Culpabilité, épuisement... pourquoi les soignants des urgences du Mans débutent une grève illimitée

Jeudi noir aux urgences du Mans. Médecins, infirmiers, aides-soignants, secrétaires… Tout le service des urgences commence ce jeudi une grève illimitée. Une action est aussi prévue à 14h30 devant l'hôpital.
Comme ailleurs en France, les urgences sont en difficulté à cause d’un manque de personnel. Mais depuis plus d’un an, de nombreux patients relevant de la psychiatrie s’ajoutent et stagnent dans les couloirs, faute de lits et de médecins psychiatres ailleurs. En plus des patients habituels, chaque jour, une vingtaine de patients relevant de la psychiatrie remplissent les couloirs des urgences. Une situation intolérable pour les soignants.
Comme les autres, ils dorment parfois par terre, attendent sans intimité, sans visite. Mais ils sont plus fragiles que les autres, souffle Pierre.
“Ils ruminent, ils tournent en rond dans un secteur plus ou moins fermé”, explique-t-il.
Les plus agités sont contentionnés, c’est-à-dire attachés à un lit, et sédatés, explique l’infirmier avec peine. “On arrive à banaliser le fait d’attacher des gens faute de place”, dénonce-t-il.
"C'est épuisant"
Car le département manque de psychiatres et de lits d’hospitalisation spécialisés. Ils stagnent aux urgences sans personnel formé, sans soins adaptés. “Là, il y a des patients qu’on arrive à avoir pendant deux semaines pour de la psychiatrie. Ils ressortent, mais on sait très bien qu’ils vont revenir, ou alors ils vont se faire du mal à eux ou des fois aux autres. Mais oui, il y a de la culpabilité. C’est épuisant, vraiment”, confie Pierre.
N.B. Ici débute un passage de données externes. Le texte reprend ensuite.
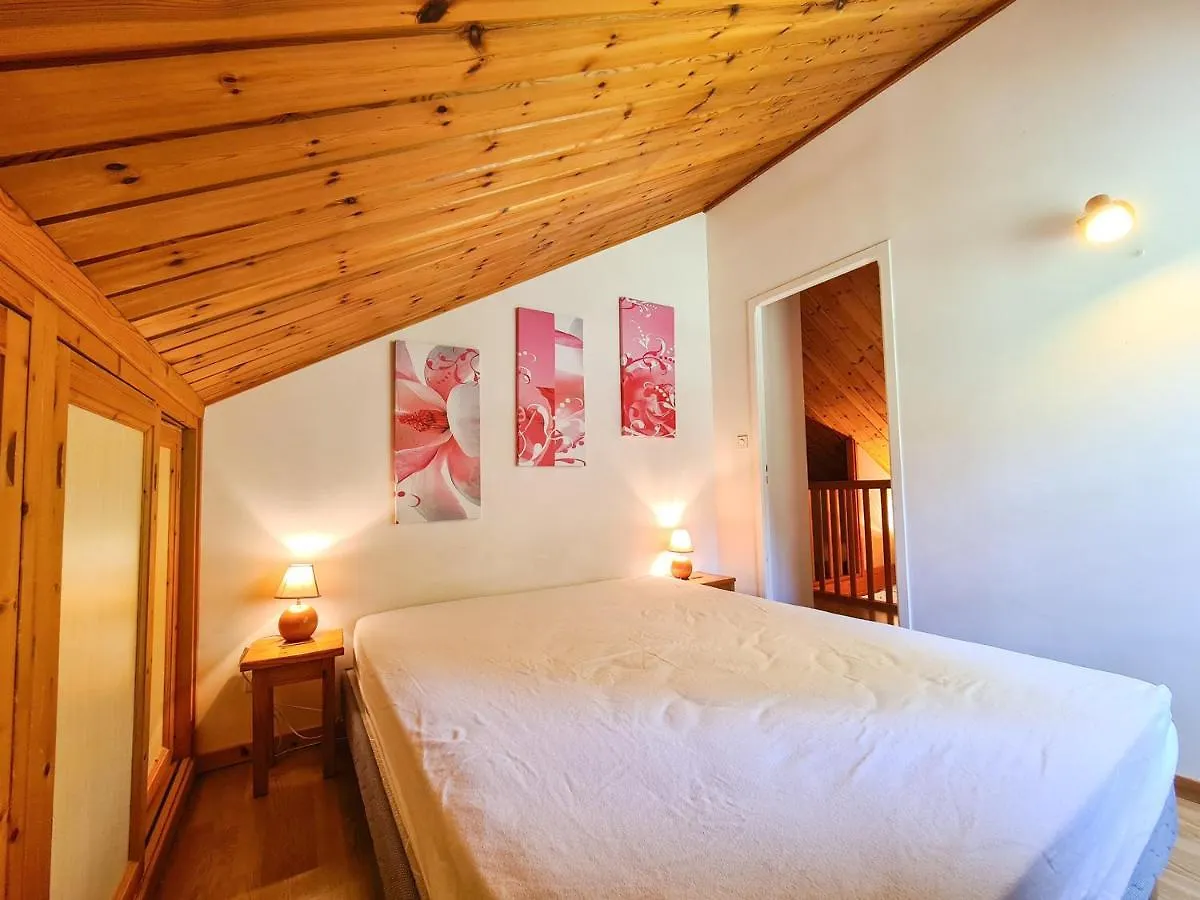 Chalet Confortable Avec Poele Et Terrasse, 3 Chambres, Garage, Animaux Admis - Fr-1-425-198 Araches-la-Frasse 0*,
Quelques larmes avant de repartir dans les couloirs bondés. Le chef de service alerte, ces urgences sont les seules dans la Sarthe ouvertes tous les jours, toute la journée.
“Les autres missions comme prendre en charge un infarctus, un AVC, un accident de la route, on est moins à même de le faire. Toute la filière de médecine d’urgence du département se trouve dégradée. Si cette mobilisation-là, elle ne produit rien, il ne restera plus rien à part la fuite. La résignation n'est pas acceptable”, pointe-t-il.
La direction et l'ARS ont bien tenté de trouver des solutions, en transférant des patients, en proposant des incitations financières, mais les psychiatres manquent toujours. Les syndicats confient leur impuissance et en appellent au ministère de la Santé.